Positional Signaling in Arabidopsis Root Epidermis Development. Start Date: April 15, 2008. Expires: March 31, 2009. Awarded Amount to Date: $120,000. Principal Investigator: John Schiefelbein. Sponsor: University of Michigan, Ann Arbor.
Funds a project to address how distinct cell types arise in appropriate patterns by using root epidermis development in Arabidopsis as a simple model. In prior work, a receptor named SCM was determined to play a role in enabling developing epidermal cells to interpret their position relative to the underlying root cells. A working model was proposed where the SCM receptor influences a network of transcriptional regulators in a position-dependent manner to generate the observed cell-type pattern in the root epidermis. According to the grant abstract, this model will be tested by “analyzing the accumulation and the specific function of the SCM receptor using molecular and genetic methods.” Additionally, “new genes that are likely to act in a SCM-related manner will be identified in a genetic screen and in a differential expression-based microarray screen.” The research results are expected to provide insights into the molecular regulation of cell specification and pattern formation during the development of multicellular organisms.

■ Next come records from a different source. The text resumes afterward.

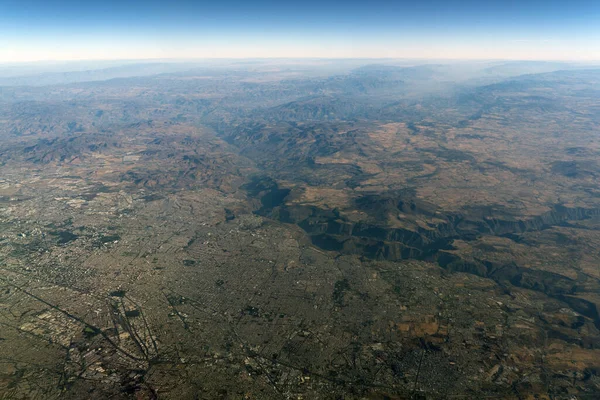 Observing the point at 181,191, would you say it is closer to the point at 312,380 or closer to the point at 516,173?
the point at 312,380

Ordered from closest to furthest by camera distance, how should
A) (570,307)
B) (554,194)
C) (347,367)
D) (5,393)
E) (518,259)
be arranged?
1. (5,393)
2. (347,367)
3. (570,307)
4. (518,259)
5. (554,194)

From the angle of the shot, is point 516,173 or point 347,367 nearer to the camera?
point 347,367

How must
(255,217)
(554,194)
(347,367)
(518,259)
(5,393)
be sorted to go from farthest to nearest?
1. (554,194)
2. (255,217)
3. (518,259)
4. (347,367)
5. (5,393)

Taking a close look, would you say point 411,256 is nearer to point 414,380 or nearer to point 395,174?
point 414,380

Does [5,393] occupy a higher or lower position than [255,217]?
higher

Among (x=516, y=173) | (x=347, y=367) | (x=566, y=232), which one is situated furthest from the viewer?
(x=516, y=173)

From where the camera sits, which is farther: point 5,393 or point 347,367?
point 347,367

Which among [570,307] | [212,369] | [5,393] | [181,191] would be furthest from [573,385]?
[181,191]

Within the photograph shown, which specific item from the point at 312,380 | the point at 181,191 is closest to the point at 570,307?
the point at 312,380

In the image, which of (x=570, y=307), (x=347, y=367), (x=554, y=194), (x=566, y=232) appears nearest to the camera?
(x=347, y=367) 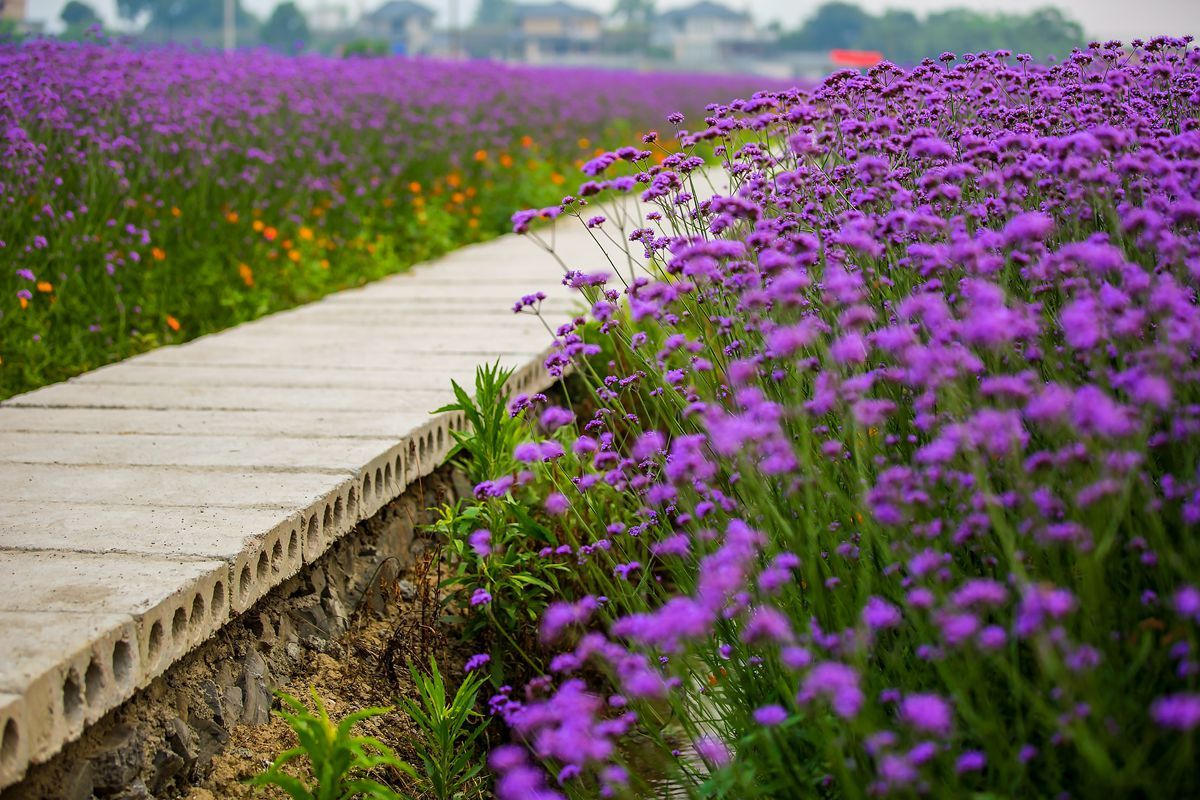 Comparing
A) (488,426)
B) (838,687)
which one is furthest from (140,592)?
(838,687)

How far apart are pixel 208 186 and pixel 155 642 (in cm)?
436

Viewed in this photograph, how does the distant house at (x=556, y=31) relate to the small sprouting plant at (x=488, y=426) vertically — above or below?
above

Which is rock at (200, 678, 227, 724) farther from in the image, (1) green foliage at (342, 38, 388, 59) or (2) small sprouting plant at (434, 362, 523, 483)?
(1) green foliage at (342, 38, 388, 59)

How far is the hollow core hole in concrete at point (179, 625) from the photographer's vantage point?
2.05 meters

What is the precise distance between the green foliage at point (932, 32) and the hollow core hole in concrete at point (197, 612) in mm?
2269

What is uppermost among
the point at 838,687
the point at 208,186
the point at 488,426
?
the point at 208,186

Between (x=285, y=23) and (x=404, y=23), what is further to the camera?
(x=404, y=23)

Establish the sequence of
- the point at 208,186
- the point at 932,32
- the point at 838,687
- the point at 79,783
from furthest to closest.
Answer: the point at 932,32 → the point at 208,186 → the point at 79,783 → the point at 838,687

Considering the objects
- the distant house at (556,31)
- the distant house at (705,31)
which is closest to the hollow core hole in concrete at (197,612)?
the distant house at (705,31)

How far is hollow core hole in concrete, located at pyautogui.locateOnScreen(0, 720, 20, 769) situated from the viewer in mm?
1621

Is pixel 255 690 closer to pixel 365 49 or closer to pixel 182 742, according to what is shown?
pixel 182 742

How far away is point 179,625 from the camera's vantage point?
206 cm

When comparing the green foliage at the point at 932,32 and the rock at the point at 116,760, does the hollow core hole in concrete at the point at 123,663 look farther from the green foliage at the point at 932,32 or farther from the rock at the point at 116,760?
the green foliage at the point at 932,32

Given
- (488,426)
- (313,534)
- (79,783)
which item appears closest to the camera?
(79,783) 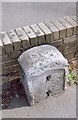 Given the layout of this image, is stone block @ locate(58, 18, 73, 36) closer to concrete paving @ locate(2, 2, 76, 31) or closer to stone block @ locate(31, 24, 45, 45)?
stone block @ locate(31, 24, 45, 45)

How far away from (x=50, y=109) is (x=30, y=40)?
3.79ft

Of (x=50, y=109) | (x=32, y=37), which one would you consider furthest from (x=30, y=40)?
(x=50, y=109)

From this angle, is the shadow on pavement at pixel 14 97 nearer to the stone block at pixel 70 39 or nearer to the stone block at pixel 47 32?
the stone block at pixel 47 32

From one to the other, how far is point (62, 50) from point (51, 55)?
0.68m

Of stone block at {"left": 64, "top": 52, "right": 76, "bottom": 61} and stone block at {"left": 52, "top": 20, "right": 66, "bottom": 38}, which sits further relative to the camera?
stone block at {"left": 64, "top": 52, "right": 76, "bottom": 61}

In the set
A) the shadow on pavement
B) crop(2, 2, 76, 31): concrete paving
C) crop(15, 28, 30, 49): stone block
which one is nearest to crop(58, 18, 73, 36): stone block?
crop(15, 28, 30, 49): stone block

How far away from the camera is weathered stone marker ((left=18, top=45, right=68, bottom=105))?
3.89 meters

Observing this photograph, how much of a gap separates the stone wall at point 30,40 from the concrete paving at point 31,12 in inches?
68.8

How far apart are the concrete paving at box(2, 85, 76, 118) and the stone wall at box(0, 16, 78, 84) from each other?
66 cm

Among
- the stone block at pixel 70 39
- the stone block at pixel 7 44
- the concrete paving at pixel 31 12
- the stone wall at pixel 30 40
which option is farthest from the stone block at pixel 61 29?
the concrete paving at pixel 31 12

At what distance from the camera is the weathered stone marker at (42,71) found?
3887 mm

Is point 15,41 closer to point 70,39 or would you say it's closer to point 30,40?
point 30,40

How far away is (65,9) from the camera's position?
6.65 m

Integrated Approaches to Mapping Genome to Phenome. Start Date: April 15, 2008 Expires: March 31, 2009. Awarded Amount to Date: $123,499. Principal Investigator: Xianghong Zhou. Sponsor: University of Southern California.

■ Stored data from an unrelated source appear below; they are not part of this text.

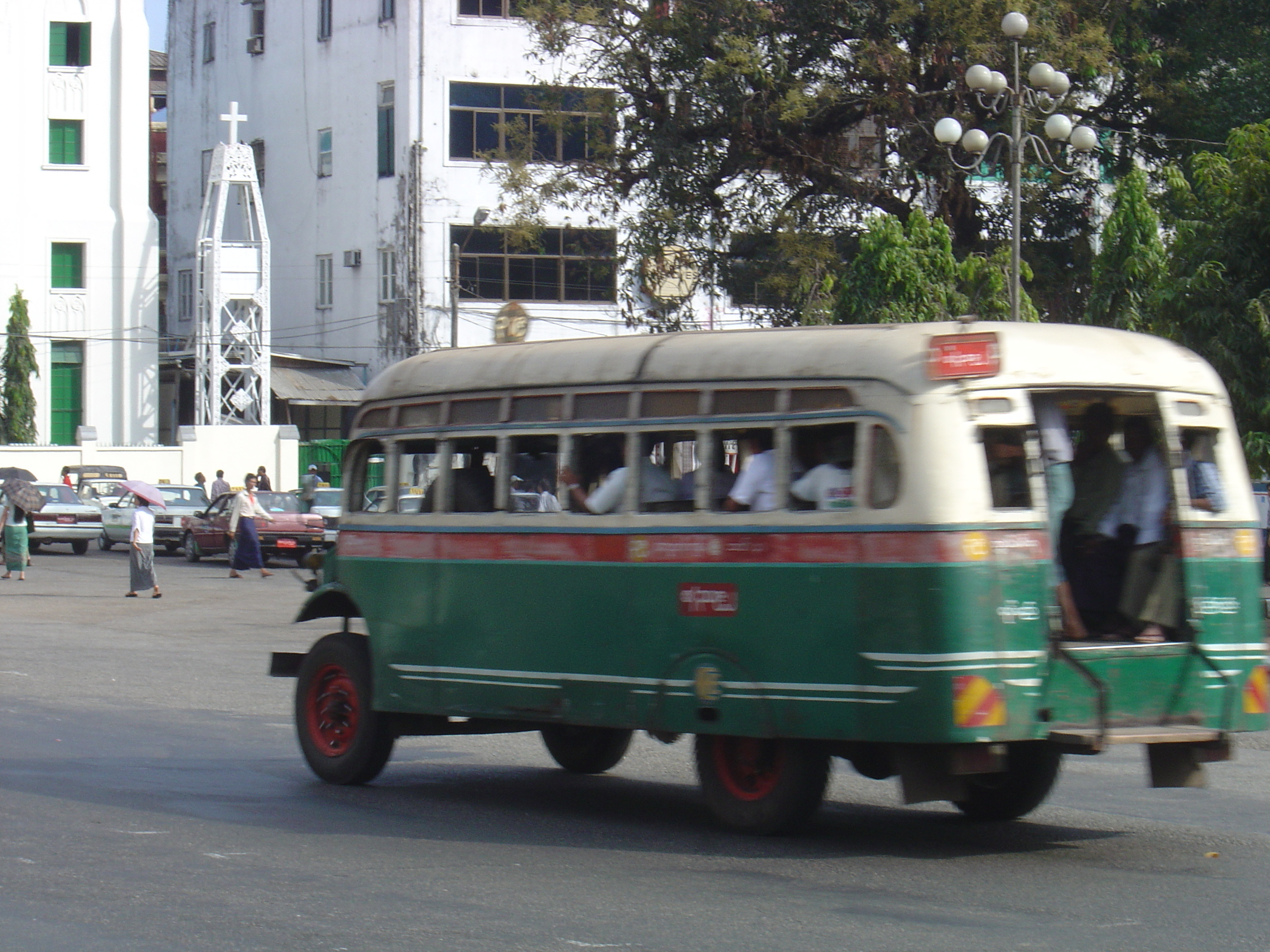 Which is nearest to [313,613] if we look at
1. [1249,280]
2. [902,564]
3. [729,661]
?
[729,661]

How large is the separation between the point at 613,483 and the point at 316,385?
140 ft

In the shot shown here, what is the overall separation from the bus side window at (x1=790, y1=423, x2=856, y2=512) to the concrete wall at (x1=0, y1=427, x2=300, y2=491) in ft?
134

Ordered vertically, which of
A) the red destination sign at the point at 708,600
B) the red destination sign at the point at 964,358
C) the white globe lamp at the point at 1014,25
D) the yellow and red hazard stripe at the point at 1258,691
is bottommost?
the yellow and red hazard stripe at the point at 1258,691

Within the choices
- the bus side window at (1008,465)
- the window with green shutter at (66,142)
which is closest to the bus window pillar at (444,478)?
the bus side window at (1008,465)

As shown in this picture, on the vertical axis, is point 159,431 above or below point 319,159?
below

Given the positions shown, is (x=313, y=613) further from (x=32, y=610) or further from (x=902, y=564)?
(x=32, y=610)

Supports the development of integrated approaches for genome-to-phenome mapping. The project will use genomics data, particularly public microarray data, together with the associated phenotypic and environmental context information “to reconstruct the biological basis of phenotypes,” according to the grant abstract. The investigators note in the abstract that “traditional association studies have been relatively successful at relating genetic polymorphisms to phenotypes. However, they have met difficulties in elucidating the gene-gene interactions that contribute to complex phenotypes.” The goal of the project, therefore, is to develop methods for deriving genome-wide molecular networks of genotype-phenotype associations, termed “phenomic associations.”